# Well This Should Start Some Discussion....



## egregg57 (Feb 13, 2006)

Well my DW has decided that she _REALLY_ wants to go to Gettysburg. Not sure of the dates but we will probably take a weeks vacation, leave on a Friday evening and leave on the following Saturday.

She's not a big fan of long trips with out a stop so we will probably stop in northern Connecticut on the way down Friday night and Southern Connecticut on the way up on Saturday afternoon.

So you PA Outback, Dog and Trailer people....

Hell froze over....

Well, then again it is the year of the Zombie Apocolypse...

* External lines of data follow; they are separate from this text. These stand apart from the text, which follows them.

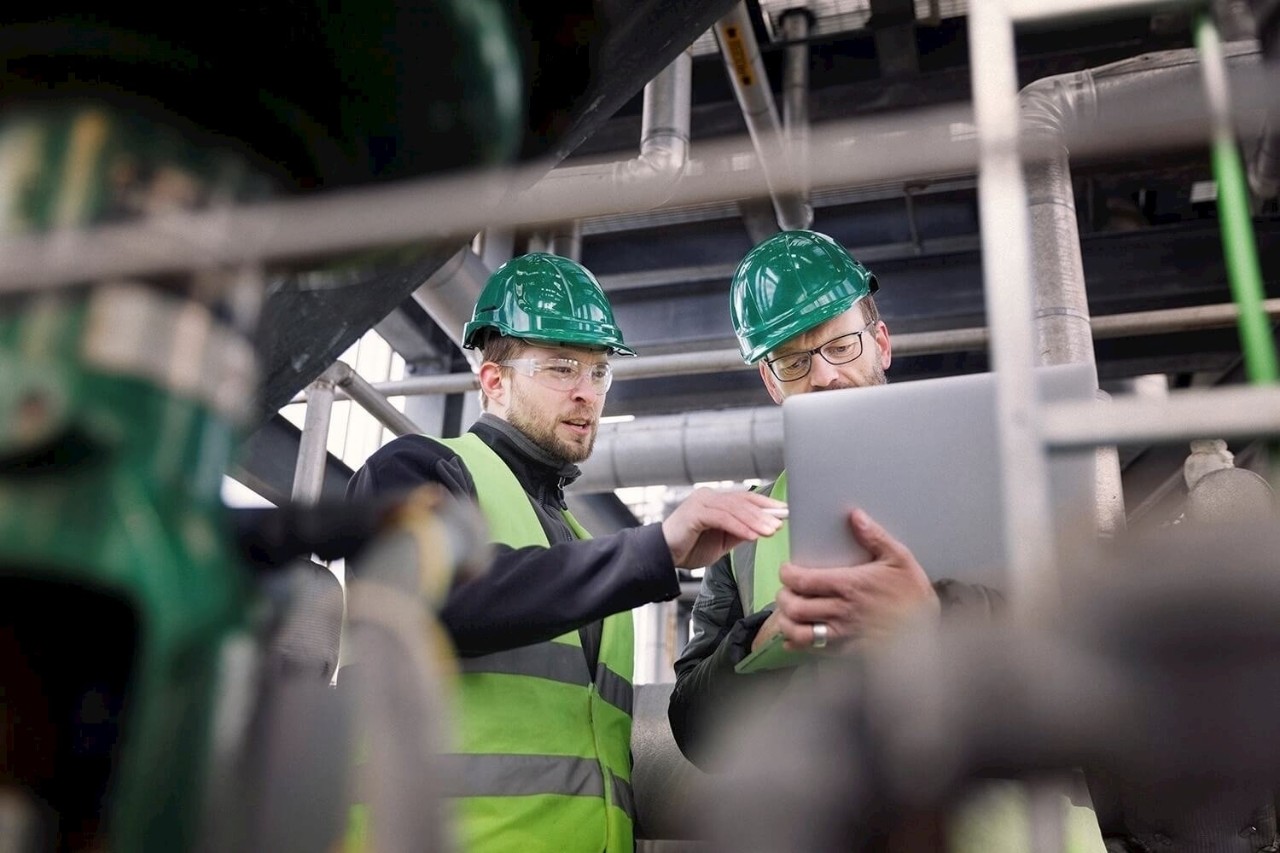 Picture of Oil and Gas Pipeline Leak Detection and Resolution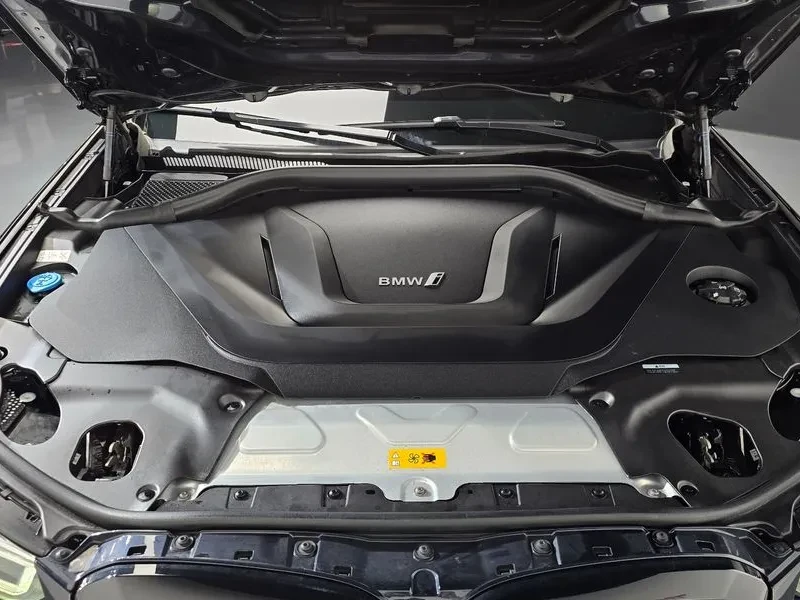 BMW iX3 M SPORT, снимка 6 - Автомобили и джипове - 56656826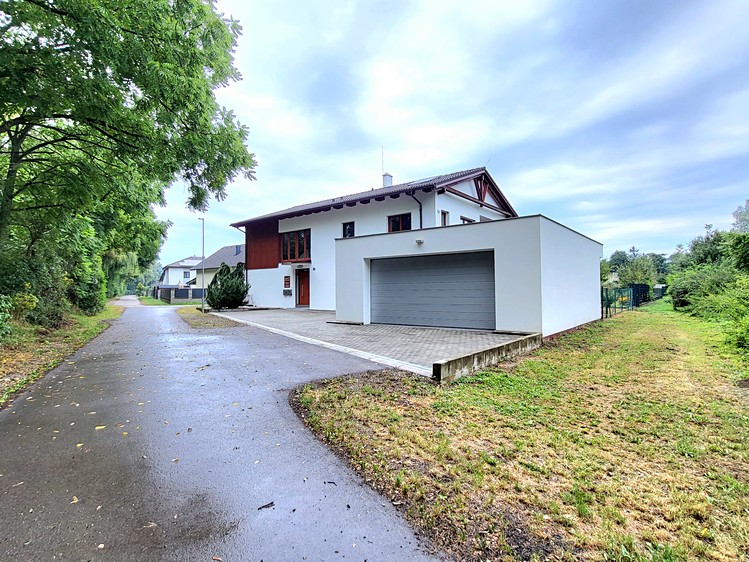 Prodej rodinného domu 301 m², pozemek 626 m² - foto 4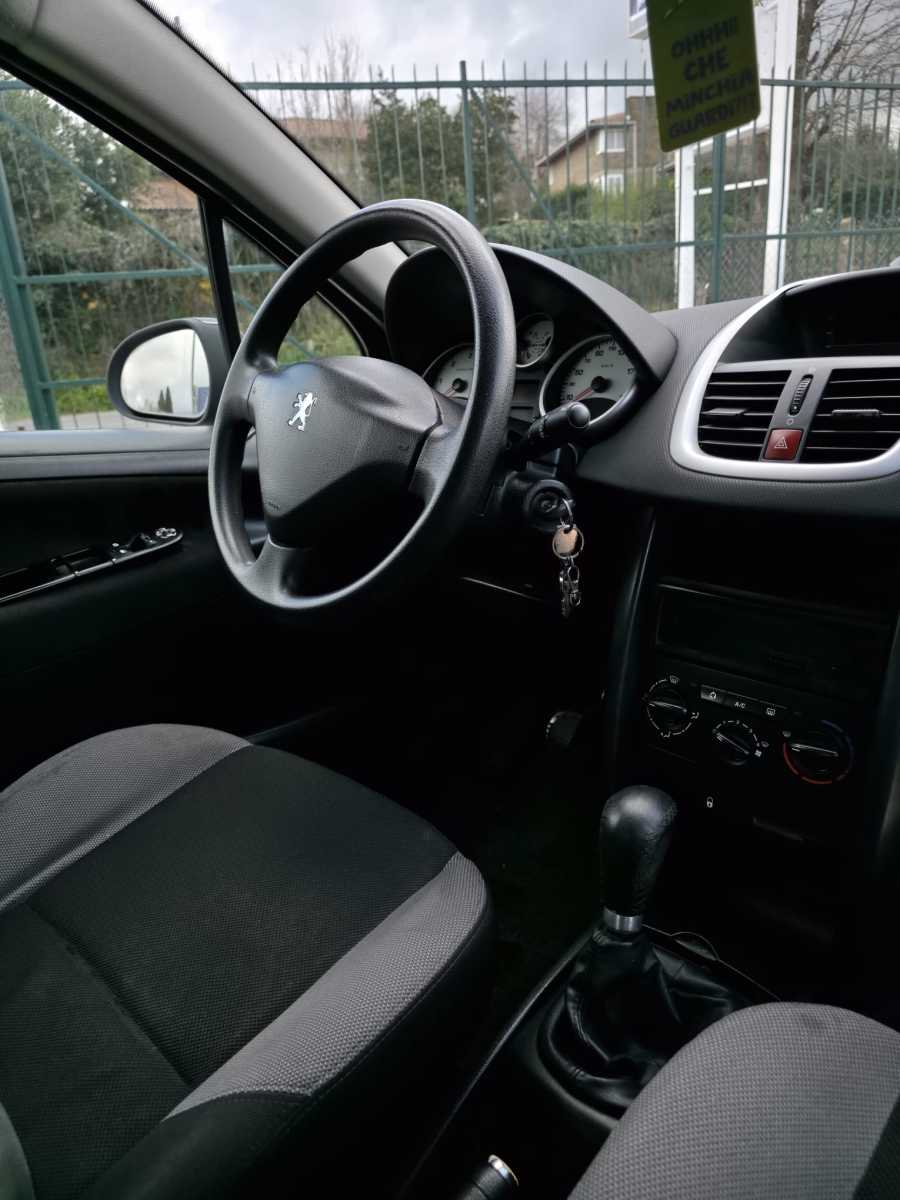 
								Peugeot 207 SW 1.6 HDi full									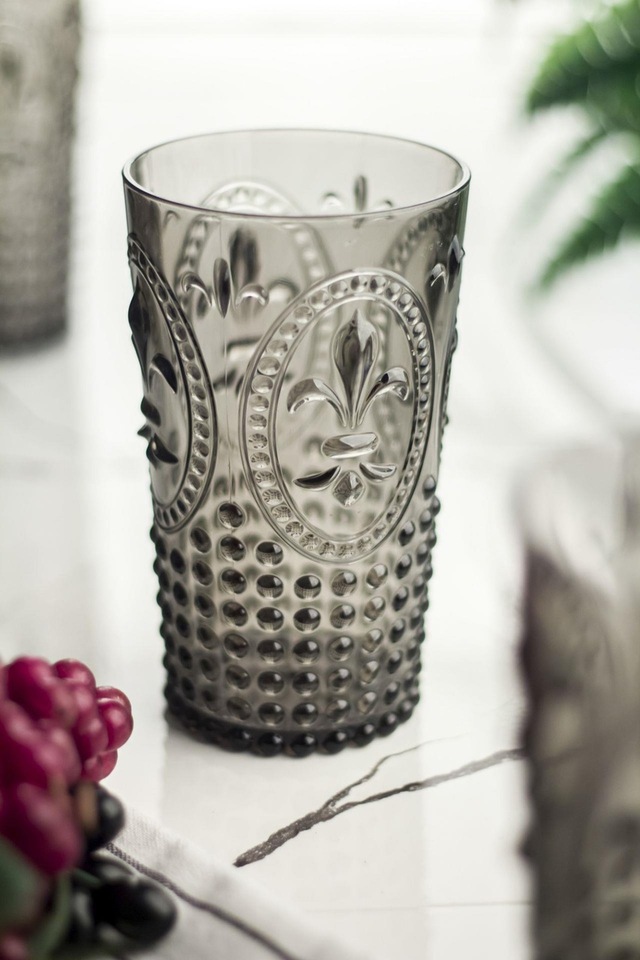 Akrilik Füme Tekli Uzun Bardak & Su Meşrubat Bardağı 750 Ml Büyük Boy & Cam Değildir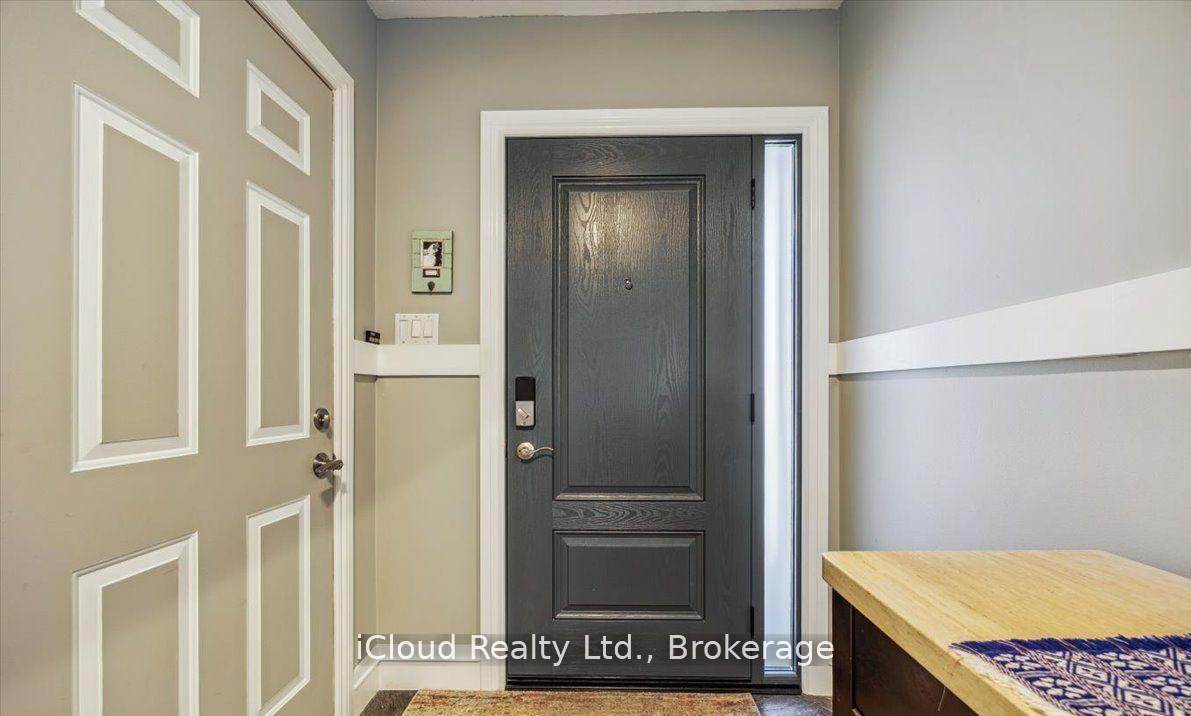 Photo 4 of 36 Pacific Wind Crescent, Brampton, Sandringham-Wellington — HOMEH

If I don't get PA in now.. well I might not have a chance....
.
.
.
.
.
.
.
.
.
.
.
.
_*Wait a minute!*_ 
.
.
.
.
.
.
.
.
WHAT IF the Zombies are in PA!!.......


----------



## CdnOutback (Apr 16, 2010)

egregg57 said:


> .
> WHAT IF the Zombies are in PA!!.......


They'll be joined by one more?...


----------



## egregg57 (Feb 13, 2006)

CdnOutback said:


> .
> WHAT IF the Zombies are in PA!!.......


They'll be joined by one more?...








[/quote]

Hmmmm.... uuuurrrrrrggghhhaaaahhhh.....Maybe










Looks like this is going to be a last week in April thing for us!


----------



## Joonbee (Jan 18, 2008)

We will most likely make this happen so we can spend some time with one of our favorite New Hampshirians and family.

Jim


----------